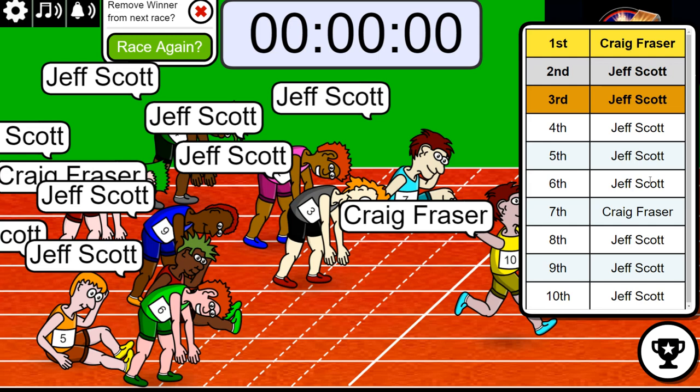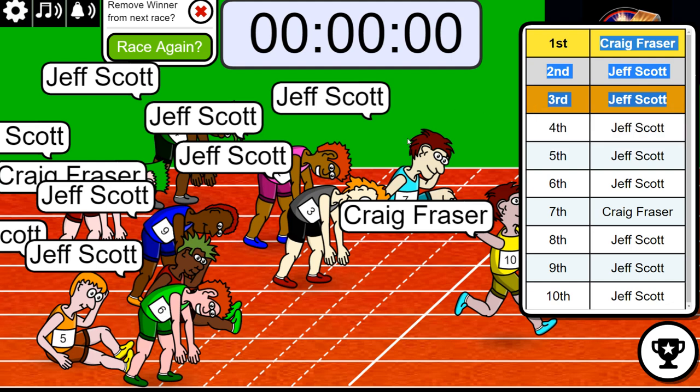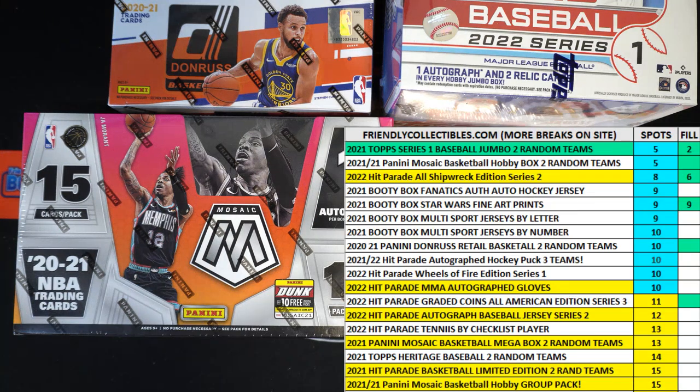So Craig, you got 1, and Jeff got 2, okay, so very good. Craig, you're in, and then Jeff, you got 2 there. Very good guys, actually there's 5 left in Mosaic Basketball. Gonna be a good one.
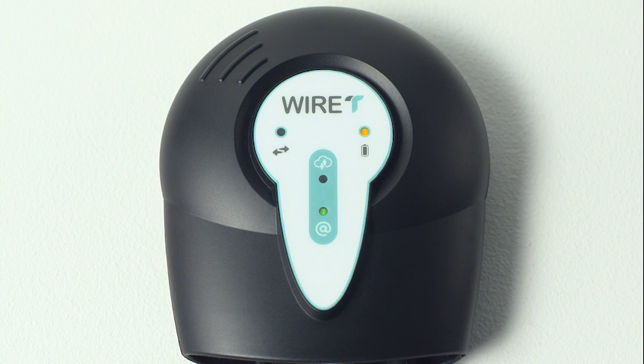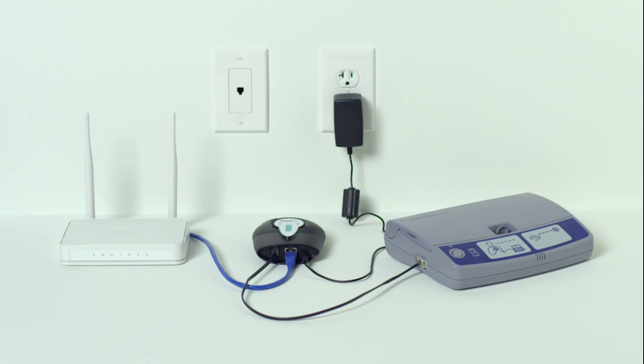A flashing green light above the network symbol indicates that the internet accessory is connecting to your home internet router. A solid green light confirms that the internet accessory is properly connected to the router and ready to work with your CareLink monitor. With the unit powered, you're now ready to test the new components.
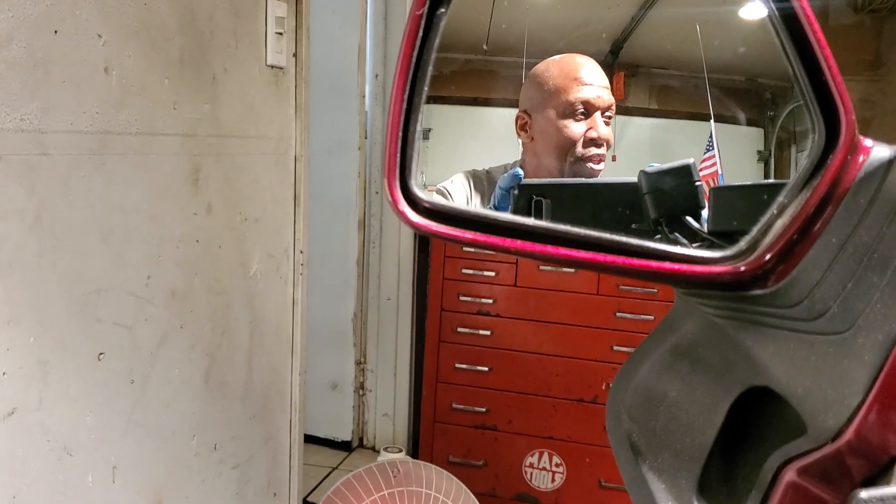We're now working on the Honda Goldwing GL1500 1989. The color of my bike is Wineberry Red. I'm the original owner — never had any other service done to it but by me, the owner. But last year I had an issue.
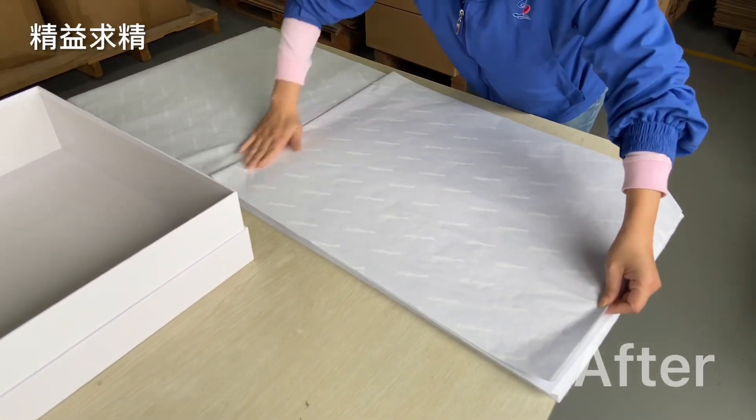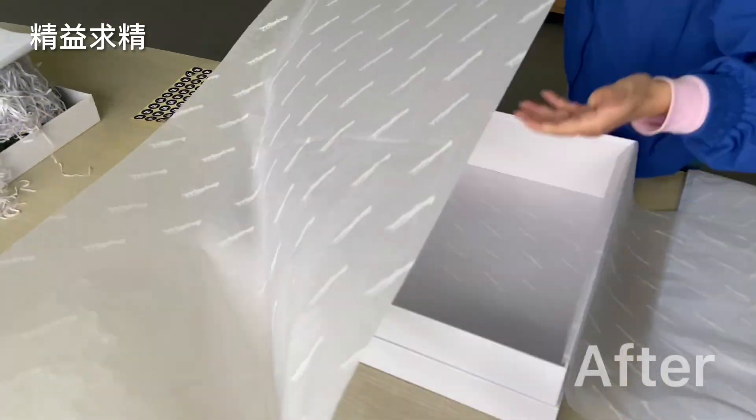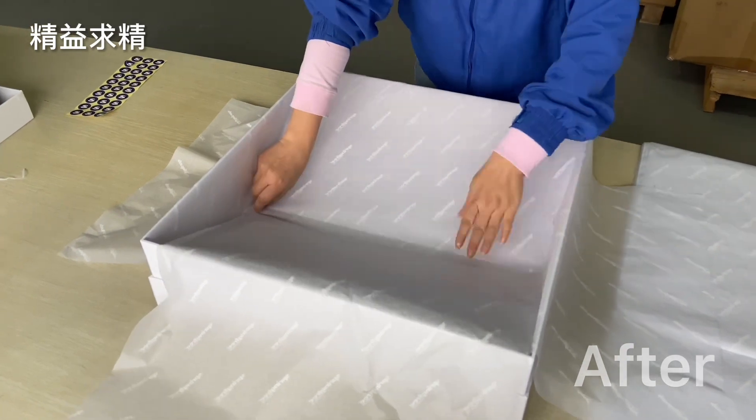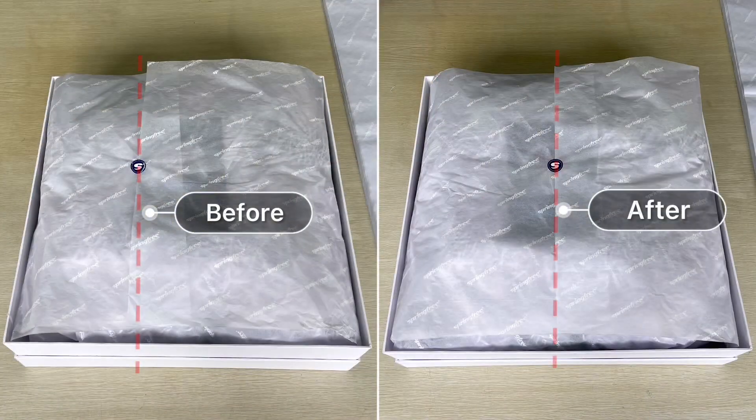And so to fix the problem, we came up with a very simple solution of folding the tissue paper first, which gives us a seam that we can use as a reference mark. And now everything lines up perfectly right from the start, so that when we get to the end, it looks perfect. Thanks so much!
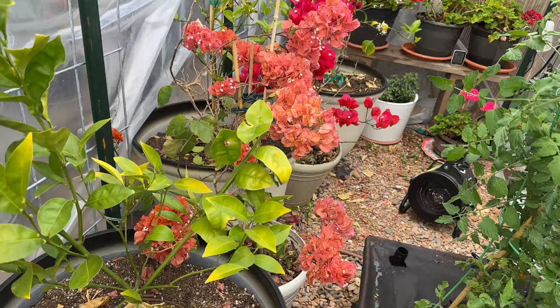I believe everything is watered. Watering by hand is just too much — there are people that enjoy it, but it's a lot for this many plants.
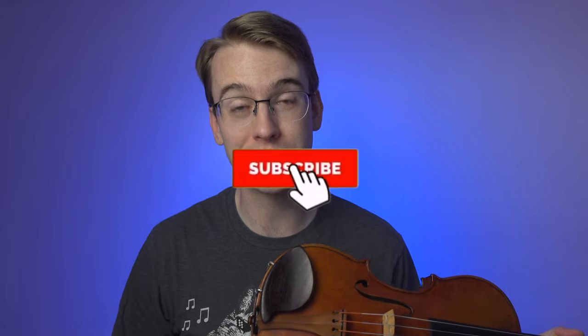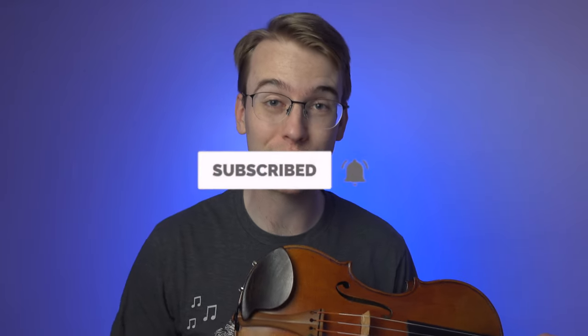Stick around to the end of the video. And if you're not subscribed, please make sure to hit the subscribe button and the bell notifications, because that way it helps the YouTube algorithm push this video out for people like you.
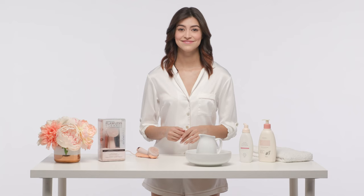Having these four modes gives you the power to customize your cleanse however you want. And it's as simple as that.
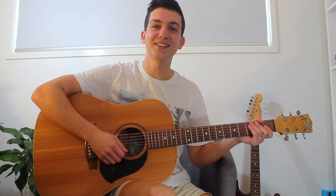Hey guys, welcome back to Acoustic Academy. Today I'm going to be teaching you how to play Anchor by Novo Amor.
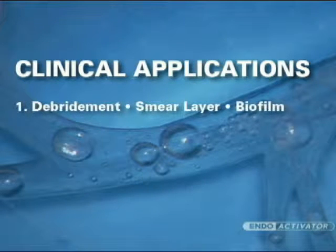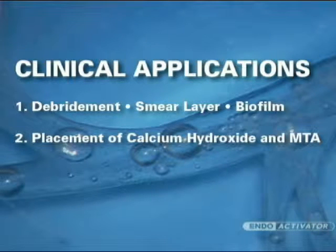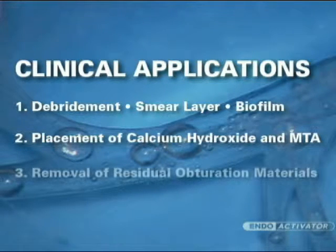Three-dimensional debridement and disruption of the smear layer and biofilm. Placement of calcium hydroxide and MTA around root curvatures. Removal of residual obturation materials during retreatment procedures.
————
→ **EXERCISE OBJECTIVE**
With pictures omitted, repeat the entries above word for word from the line holding "I believe everything" down to the line holding "Stick around to", keeping both of those lines.

→ **THE COMPLETED TASK**
I believe everything is watered. Watering by hand is just too much — there are people that enjoy it, but it's a lot for this many plants.
Stick around to the end of the video. And if you're not subscribed, please make sure to hit the subscribe button and the bell notifications, because that way it helps the YouTube algorithm push this video out for people like you.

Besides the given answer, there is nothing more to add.